--- Given data Enclosed Below ---

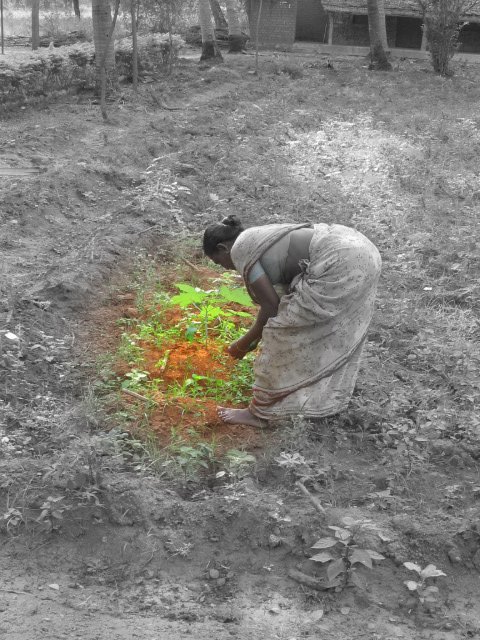 a woman is kneeling down and picking soing up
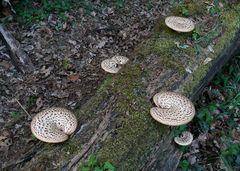 Pilze am modrigen Baum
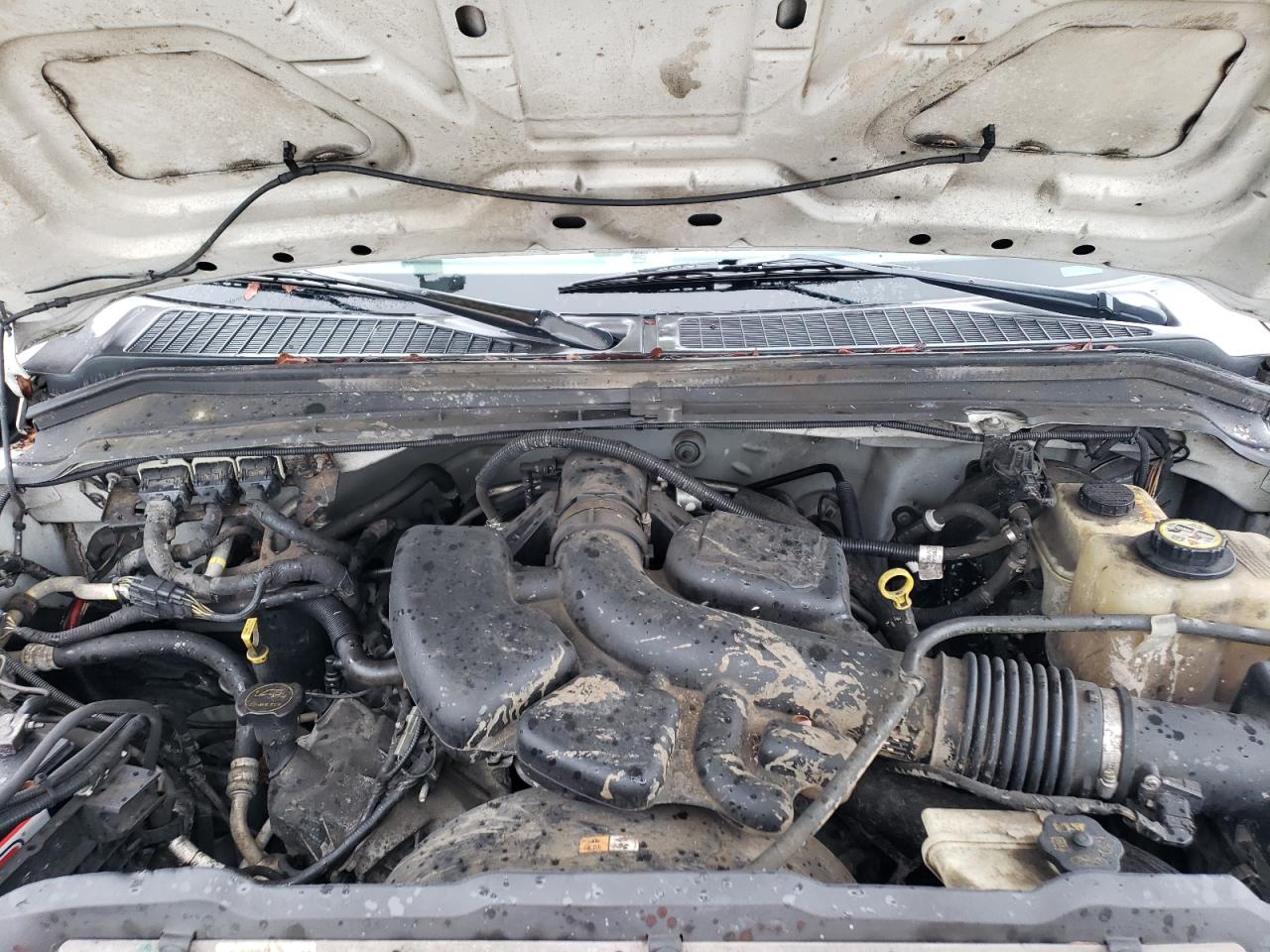 2008 Ford F350 Srw Super Duty VIN: 1FDWF30558EC95709 Lot: 56131804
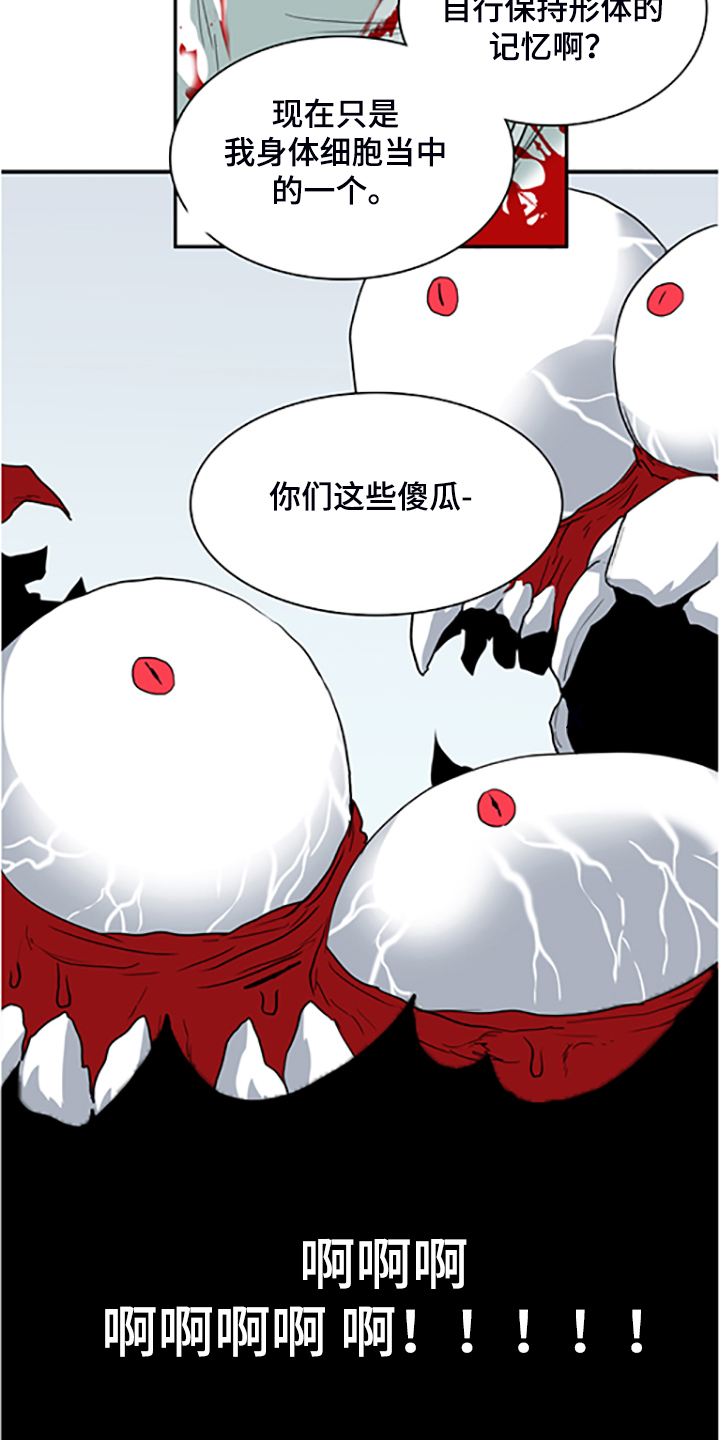 《黑焰纹章》第235章离去才明白 第14页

--- End of Enclosed Given data ---

**Required action**. Hand back every line of the material, exactly, without the pictures.

**Finished task**.
 a woman is kneeling down and picking soing up
 Pilze am modrigen Baum
 2008 Ford F350 Srw Super Duty VIN: 1FDWF30558EC95709 Lot: 56131804
 《黑焰纹章》第235章离去才明白 第14页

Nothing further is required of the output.